Cultured cells were collected by centrifugation at 6,000 rpm for 5 min and washed with ice cold 1x PBS twice. Cells were lysed with Radio Immunoprecipitation Assay (RIPA) solution (Cat. P0013B, Beyotime, Peking, China) for 30 min. The lysis solution was centrifuged again at 12,000 rpm under 4°C for 15 min and the supernatant was collected and mixed with 2x Sodium dodecyl sulfate (SDS) loading buffer and boiled for 5 min. Before loading, the total protein concentration of each group was determined by BCA kit and scanned with a microplate photospectrometer (SPARK 10M, Tecan, Hombrechtikon, Swiss). Proteins were loaded based on the total protein concentration of each group to assure equal quantities per lane. Proteins were separated on a 10% SDS-polyacrylamide gel and transferred to Polyvinylidene fluoride (PVDF) membranes (Millipore, Billerica, MA). The membranes were blocked with 10% nonfat milk and incubated at 4°C overnight with the following antibodies: rabbit polyclonal antibody against K_V1.3 (1:1,000, Cat.
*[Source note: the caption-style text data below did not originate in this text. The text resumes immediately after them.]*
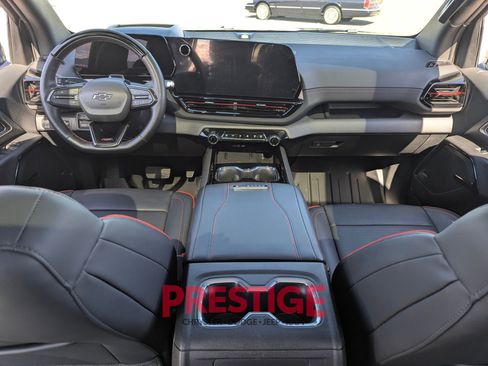 Used 2024 Chevrolet Silverado EV RST AWD/4WD image 34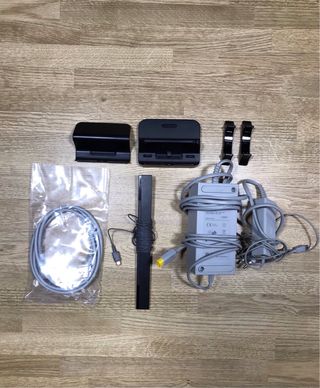 Nintendo Wii U Mario & Luigi Premium Pack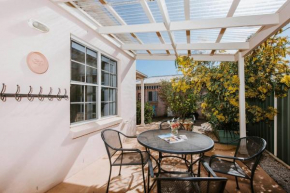 'Pebble Lane Cottage' A Charming Mudgee Stay, Mudgee
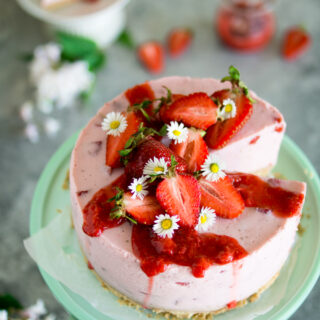 Erdbeer Joghurt Torte mit Amarettiniboden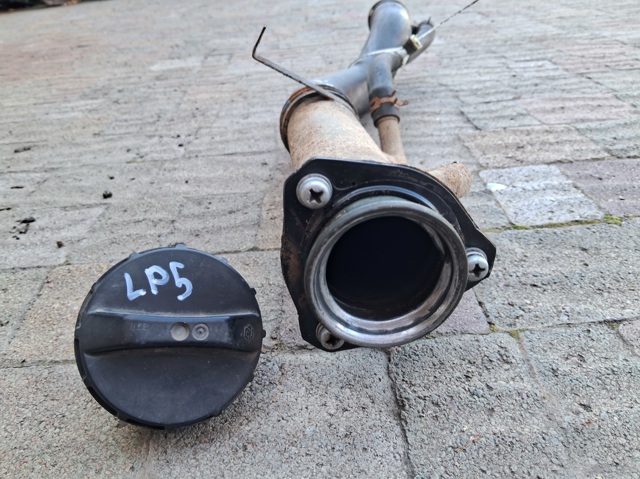 Кришка / пробка бензобака MN106160 MITSUBISHI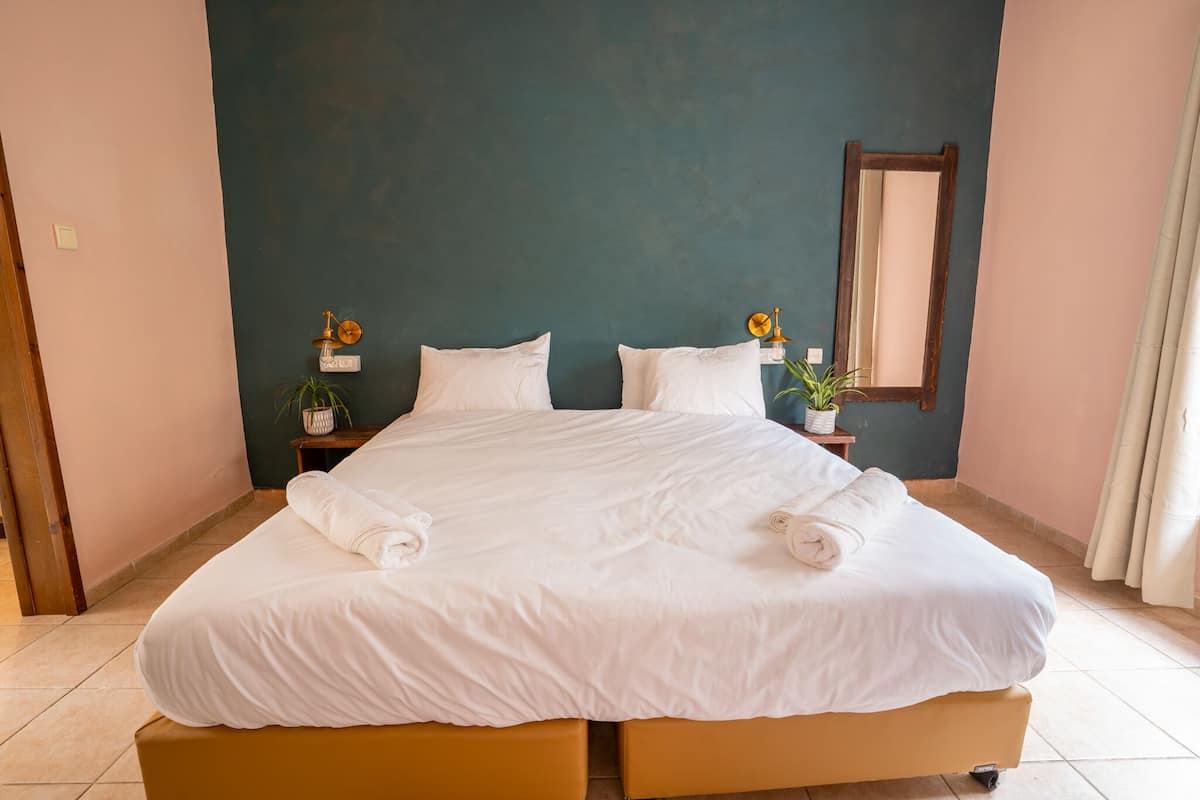 Standard Room | Free WiFi, bed sheets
APC101; alomone labs, Jerusalem, Israel) and rabbit polyclonal antibody against β-actin (1:1,000, Cat. AC006; Abclonal, Boston, United States). After washing in Tris-Buffered Saline (TBS) with 0.3% Tween three times for 45 min, the membranes were incubated with HRP-conjugated goat anti-rabbit IgG (1:10,000, Cat. AS014; Abclonal, Boston, United States) for 2 h at room temperature. Chemiluminescent signals were generated using a Super Signal West Pico trial kit (Pierce Protein Biology, Thermo Fisher Scientific, Waltham, MA, United States) and detected using the ChemiDoc XRS System (Bio-Rad, Hercules, CA, United States). Image Lab software (Bio-Rad, Hercules, CA, United States) was used for background subtraction and quantification of immunoblotting data.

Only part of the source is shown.